_What is expected_
Below are some entries; reproduce them exactly and leave every picture out.

_Extracted information_

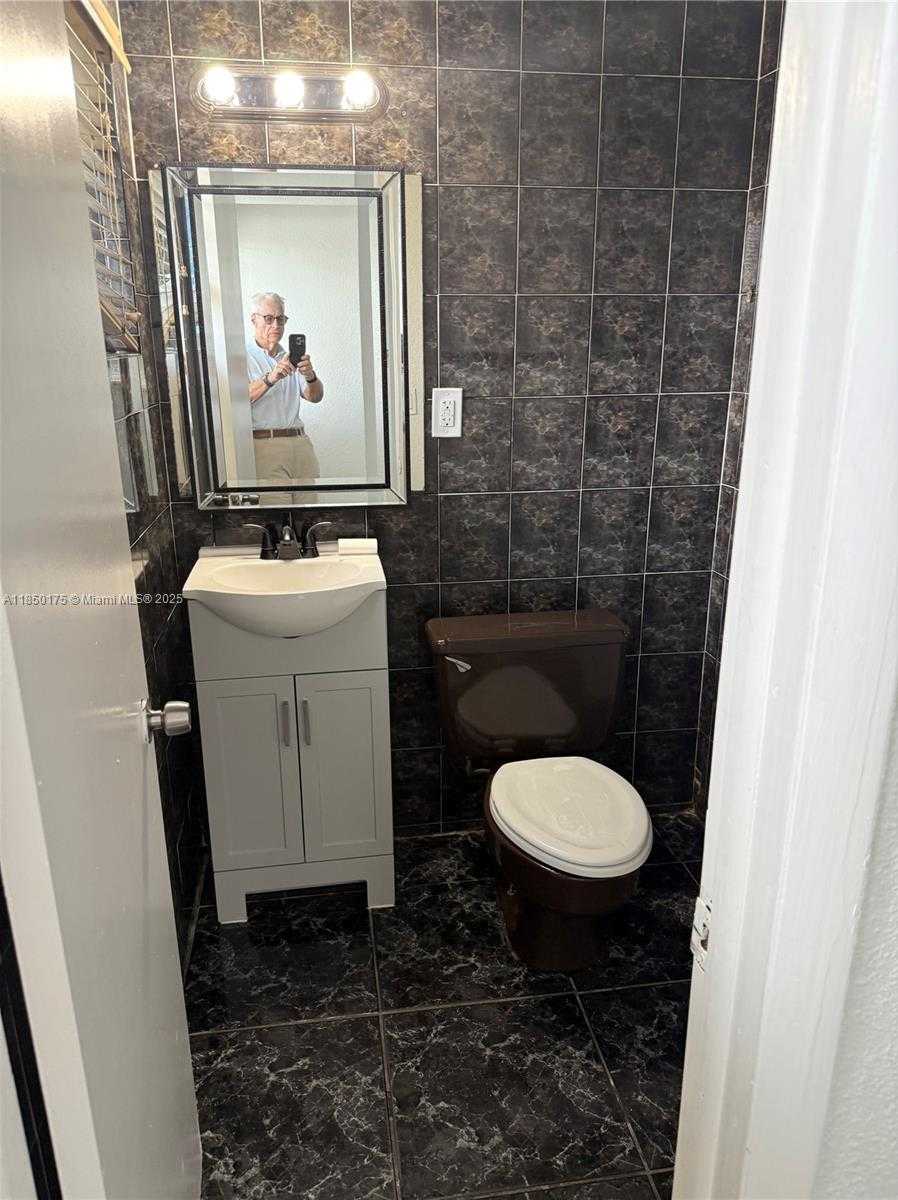 Small Image of 10425 SOUTH WEST 152ND ST #10425, Miami Number 10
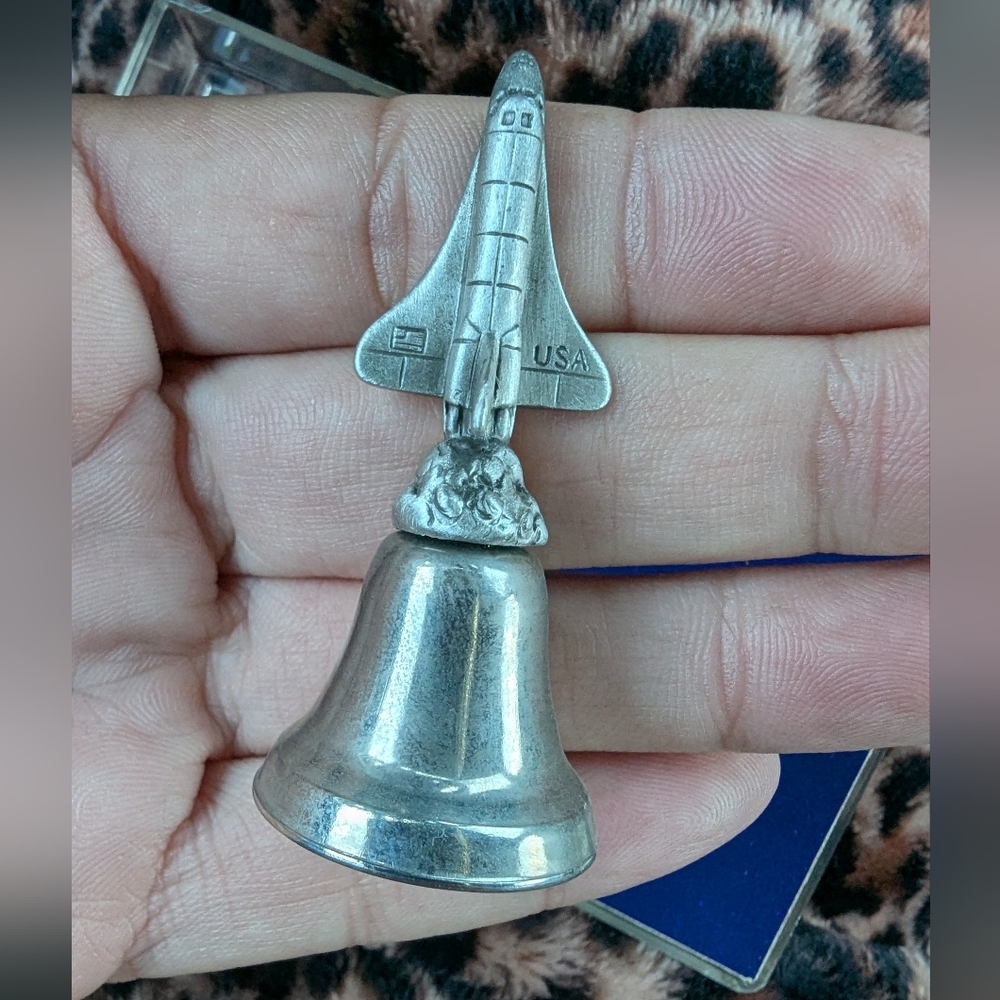 VTG 1981 COLLECTABLE SPACE SHUTTLE STEEL SILVER TONE BELL - Picture 8 of 11
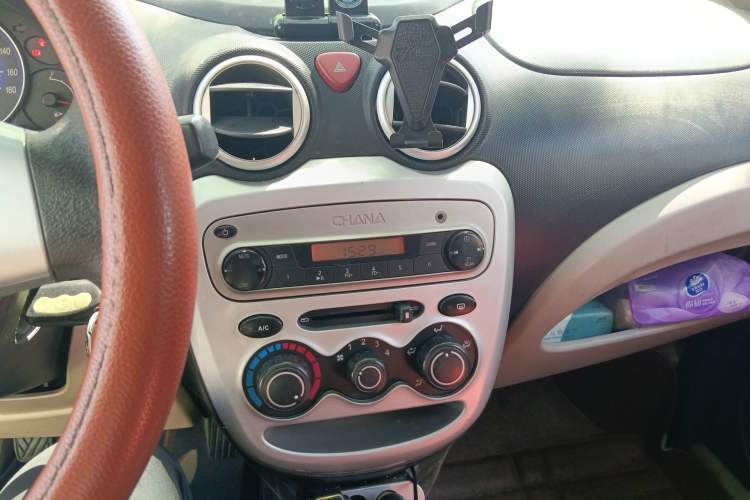 Used CHANGAN Benni mini 2012 1.0L Manual Fashion Edition China IV Standard Audio And AC Panel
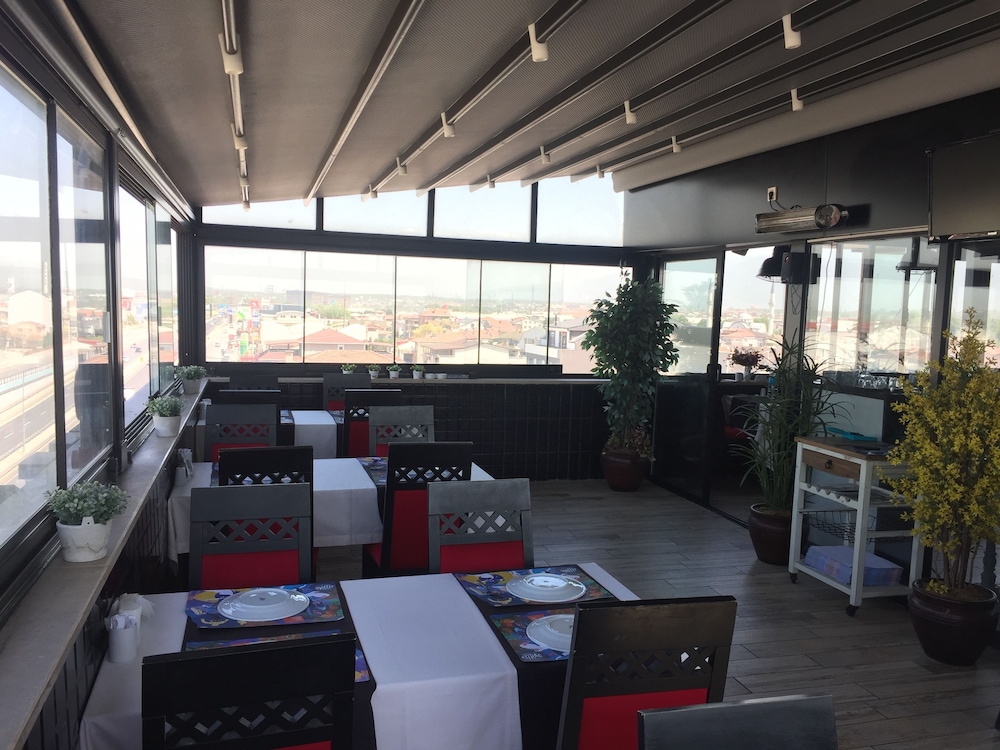 Rivada Otel 34/40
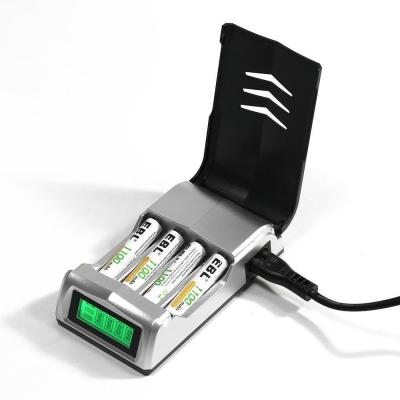 Chine Chargeur de batterie rechargeable futé de fente du Rapid 4 d'affichage à cristaux liquides pour la batterie d'aa D.C.A. NiMH NiCD à vendre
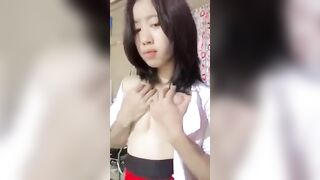 Em sinh viên quay clip thủ dâm mà con mèo cứ phá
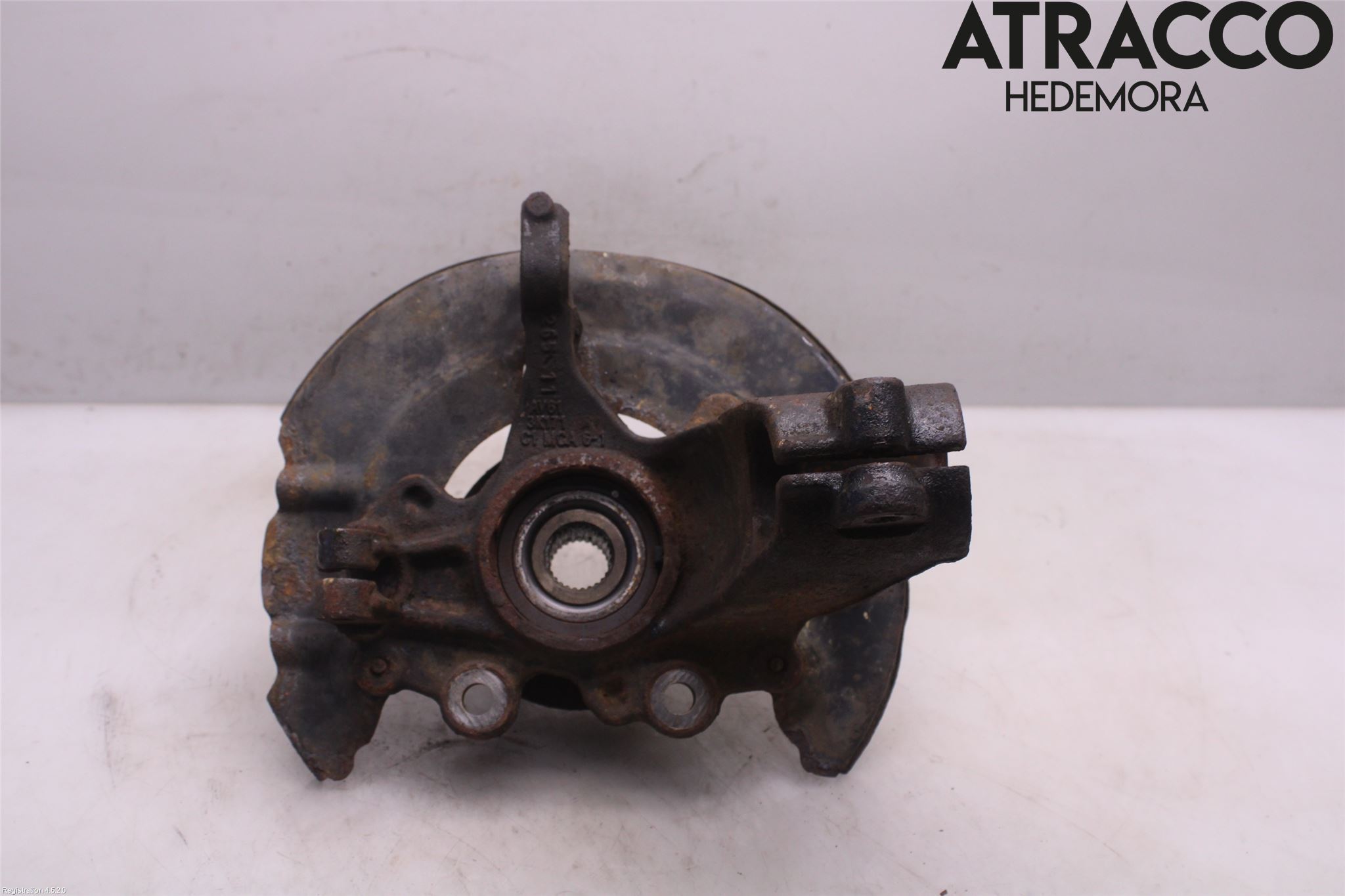 Ford FOCUS 11-14 Spindel Vf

_Task answer_
 Small Image of 10425 SOUTH WEST 152ND ST #10425, Miami Number 10
 VTG 1981 COLLECTABLE SPACE SHUTTLE STEEL SILVER TONE BELL - Picture 8 of 11
 Used CHANGAN Benni mini 2012 1.0L Manual Fashion Edition China IV Standard Audio And AC Panel
 Rivada Otel 34/40
 Chine Chargeur de batterie rechargeable futé de fente du Rapid 4 d'affichage à cristaux liquides pour la batterie d'aa D.C.A. NiMH NiCD à vendre
 Em sinh viên quay clip thủ dâm mà con mèo cứ phá
 Ford FOCUS 11-14 Spindel Vf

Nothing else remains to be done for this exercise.